Lorsque j'ai appris que j'avais un cancer métastasé en 2006, survivre 5 ans était mon premier objectif. Il me semblait difficile à réaliser avec ce cancer agressif qui avait déjà envahi un organe vital, le foie, et me grignotait de l'intérieur.
Mes filles avaient 4 ans et 15 mois, je me disais que dans 5 ans, si j'y parvenais, elles auraient 9 et 6 ans, encore si petites mais tellement plus grandes qu'au moment du diagnostic. Au moins elles auraient un âge où il leur resterait quelques souvenirs de moi. Parce qu'avant 4 ans, je n'ai aucun souvenir. Ça commence vers 5 ans et davantage ensuite avec l'entrée au primaire. Je voulais que mes filles aient au moins une trace de leur maman en mémoire, pas que des photos, des enregistrements mais des souvenirs personnels, vivants. Je trouvais ça terrifiant de les avoir mises au monde, les avoir aimées et mourir sans qu'il ne leur reste rien de leur maman, absolument rien, le néant. C'était ce qui m'était le plus insupportable à imaginer lorsqu'on m'a assené toutes ces mauvaises nouvelles.

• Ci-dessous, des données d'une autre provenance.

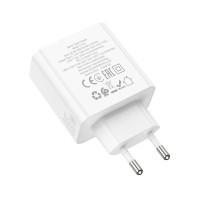 Адаптер мережевий HOCO Awesome C113A |1USB/1Type-C, 65W/3A, PD/QC|
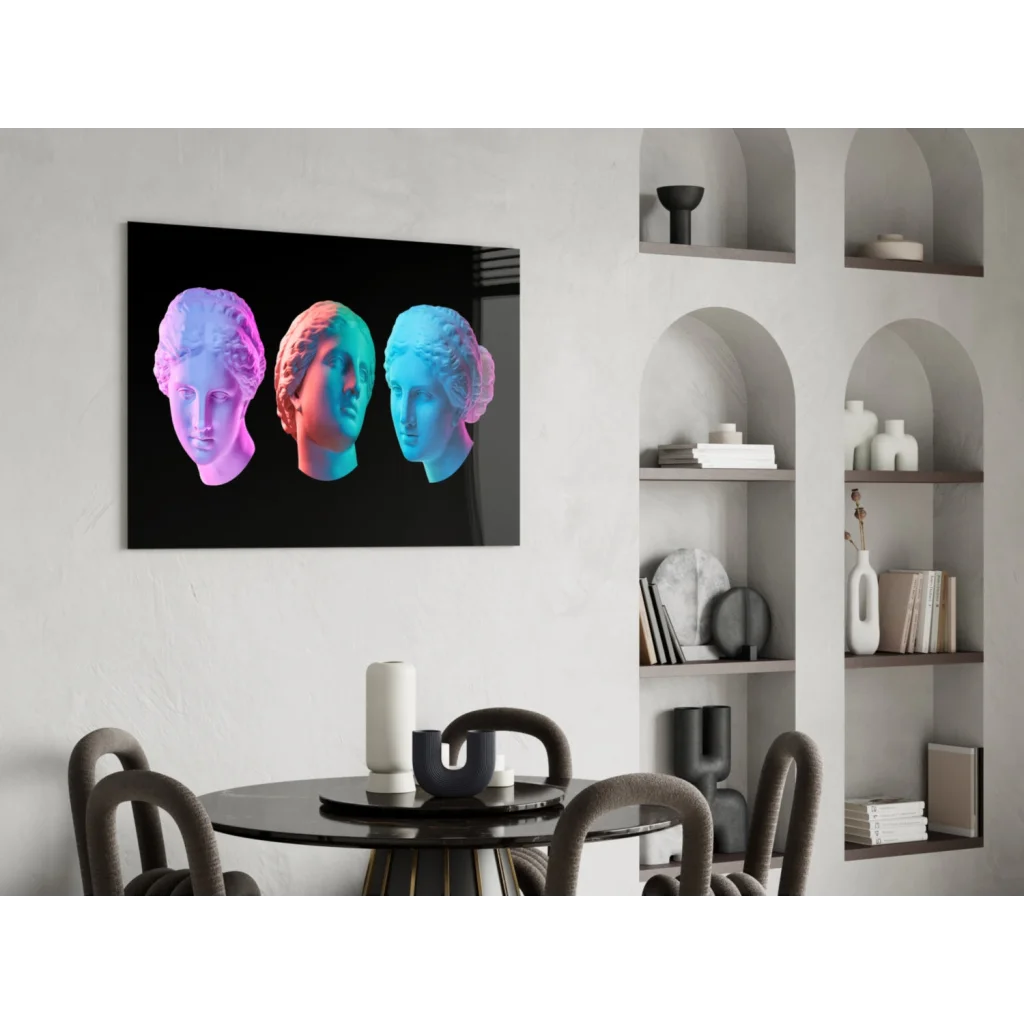 Sleek black-framed neon marble busts wall art in pink, teal, blue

Lorsque mon mari C. a eu 40 ans, voici deux ans, j'ai organisé une grande fête à cette occasion en me demandant si j'aurais la chance moi aussi de fêter ce cap avec cette saleté de cancer sommeillant en moi. Je n'en étais pas certaine du tout, le cancer est tellement imprévisible.
Dimanche dernier, c'est devenu réalité. J'ai eu 40 ans.
J'ai pu me dire "j'ai 40 ans" en ressentant une immense satisfaction, celle d'avoir réussi à survivre 5 ans en rémission. Lorsque des femmes m'ont demandé "Alors, pas trop dur ce passage à la quarantaine ?". J'ai du mal à leur faire comprendre qu'au contraire, je le vis avec un immense bonheur. Pour moi vieillir n'est pas une malédiction, c'est ce à quoi j'aspire de tout mon être. Je veux savourer chaque année de plus, je veux être là avec mes proches et contempler mon gâteau orné d'une bougie de plus. Elle symbolise tellement cette bougie, cette année de plus. Je me sens privilégiée d'avoir pu vieillir. Je pense à toutes ces mamans parties bien trop tôt. Elles avaient ce point commun avec moi, elles n'avaient pas spécialement peur de la mort, elles n'avaient qu'une obsession en tête, leurs enfants devenant des orphelins privés d'une maman. Cette pensée est ce qu'il y a de plus intolérable en tant que mère.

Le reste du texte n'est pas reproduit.